- [Your assignment]
Restate, word for word and with no pictures, the stretch of lines in the data below that begins at the line with "jojo zawarudo 2 Poster" and ends at the line with "SAMSUNG SAMSUING ST45", inclusive.

- [Exercise inputs]
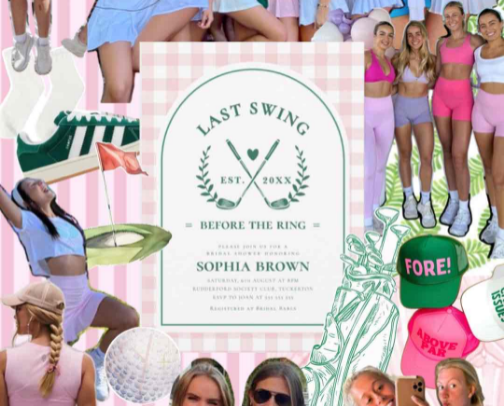 Last Swing Before the Bid🏌️‍♀️⛳️ cover photo collage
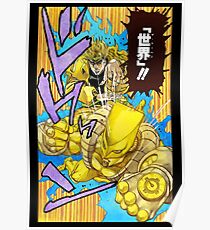 jojo zawarudo 2 Poster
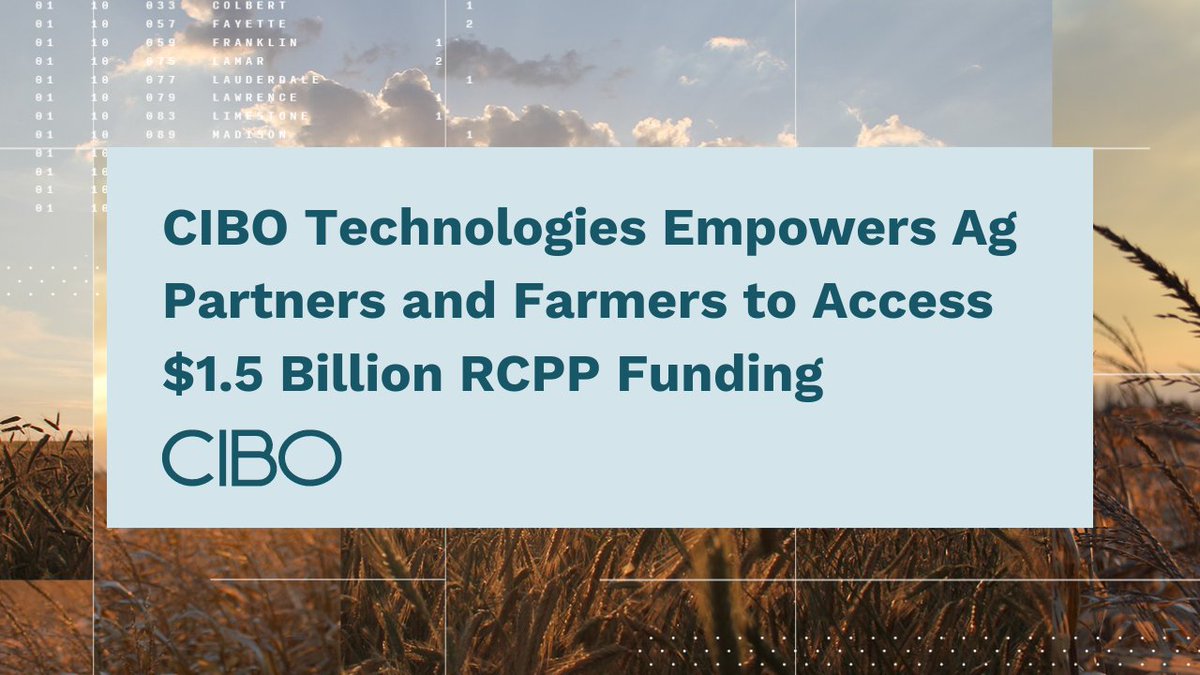 #GrowerNetwork partners, are you passionate about supporting farmers and scaling conservation efforts? Discover how you can scale adoption of conservation and climate-smart agriculture practices of #USDA programs with CIBO. #RCPP ow.ly/rXy550RsA9z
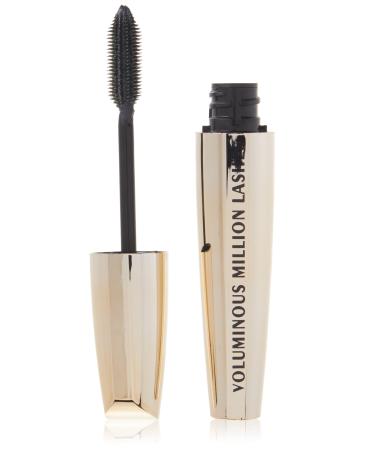 L'Oreal Paris Makeup Voluminous Million Lashes Mascara, Black, 1 Tube Washable Black 1 Count - Buy Online on GoSupps.com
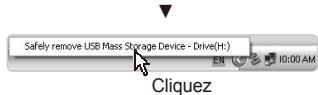 SAMSUNG SAMSUING ST45 - Transfert de fichiers vers un PC (windows) - 3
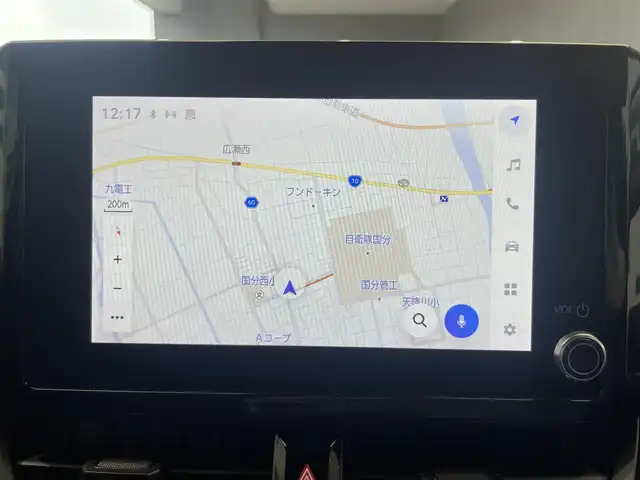 トヨタ カローラ クロス ハイブリッド G 鹿児島県 2024(令6)年 5.6万km プラチナホワイトパールマイカ ディスプレイオーディオ(ナビ機能付き)/(フルセグTV/Bluetooth/AppleCarPlay/AndroidAuto)/バックカメラ/Toyota Safety Sense/　・プリクラッシュセーフティ/　・レーントレーシングアシスト［LTA］/　・レーダークルーズコントロール（全車速追従機能付）/　・オートマチックハイビーム［AHB］/　・ロードサインアシスト［RSA］/電動パーキングブレーキ/オートブレーキホールド/ビルトインETC2.0/ステアリングリモコン/純正フロアマット/純正ドアバイザー/LEDヘッドライト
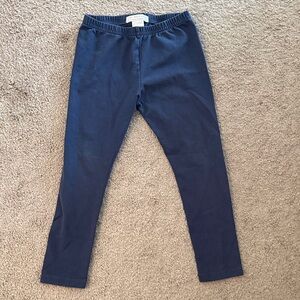 TBBC Girls 5T Blue Leggings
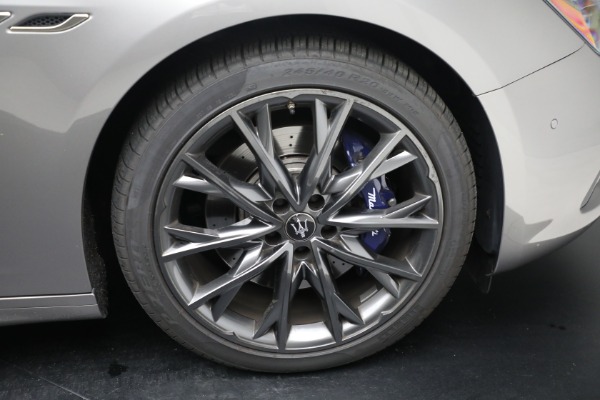 Used 2021 Maserati Ghibli S Q4 GranSport for sale $41,900 at Bentley Greenwich in Greenwich CT 06830 24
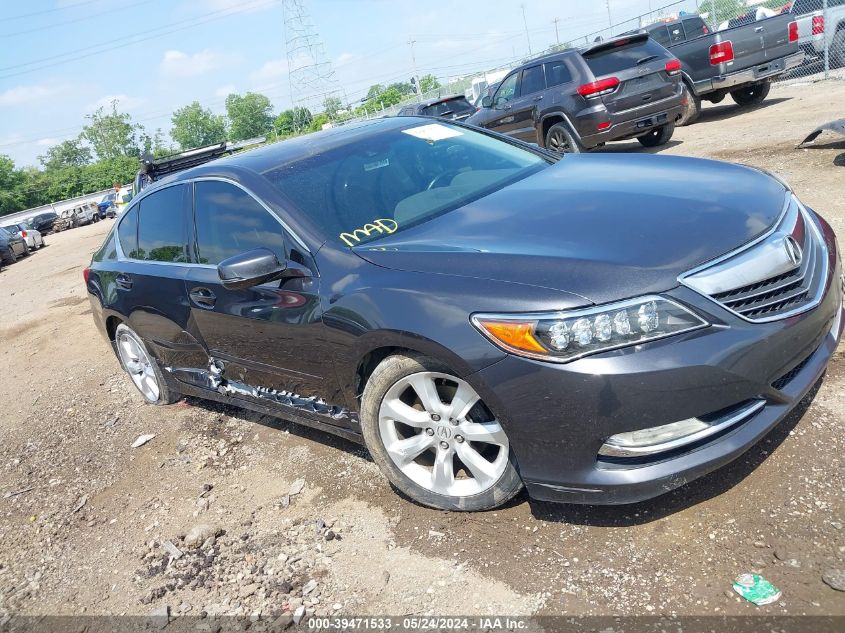 2014 Acura Rlx VIN: JH4KC1F36EC002377 Lot: 39471533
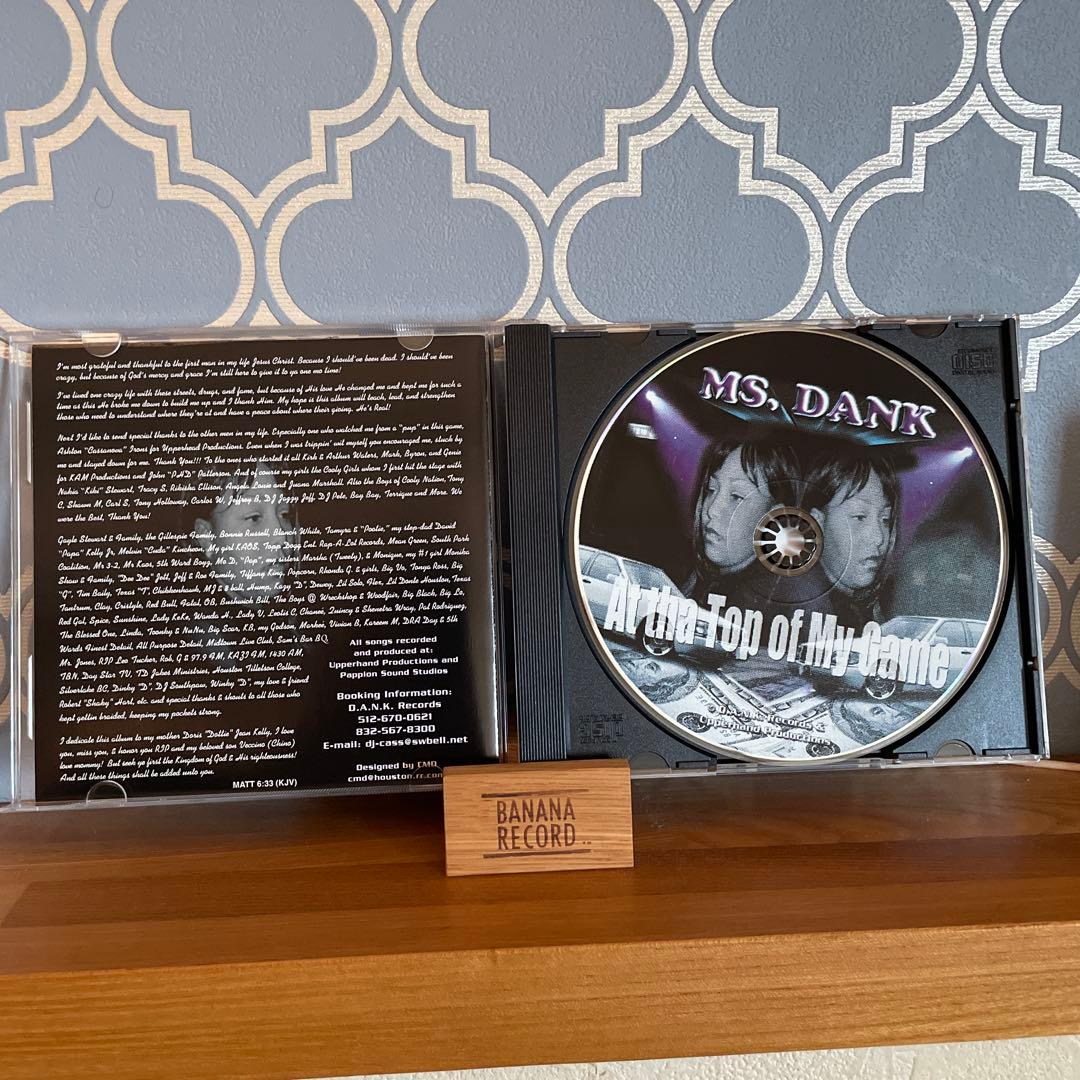 【g-rap】 Ms.DANK / At tha Top of My Game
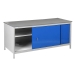 Workbench With Cupboard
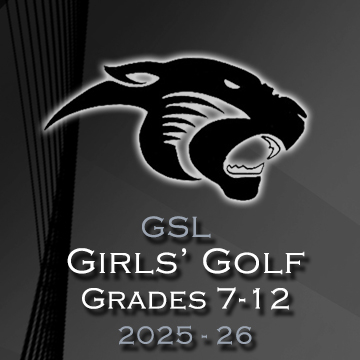 GSL Girls' Golf 25-26 Grades 7-12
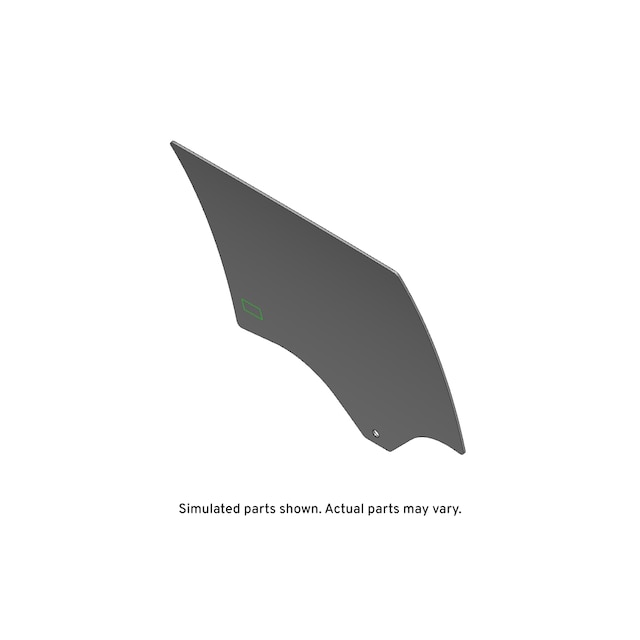 GM Genuine Parts Rear Passenger Side Door Window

- [Task solution]
 jojo zawarudo 2 Poster
 #GrowerNetwork partners, are you passionate about supporting farmers and scaling conservation efforts? Discover how you can scale adoption of conservation and climate-smart agriculture practices of #USDA programs with CIBO. #RCPP ow.ly/rXy550RsA9z
 L'Oreal Paris Makeup Voluminous Million Lashes Mascara, Black, 1 Tube Washable Black 1 Count - Buy Online on GoSupps.com
 SAMSUNG SAMSUING ST45 - Transfert de fichiers vers un PC (windows) - 3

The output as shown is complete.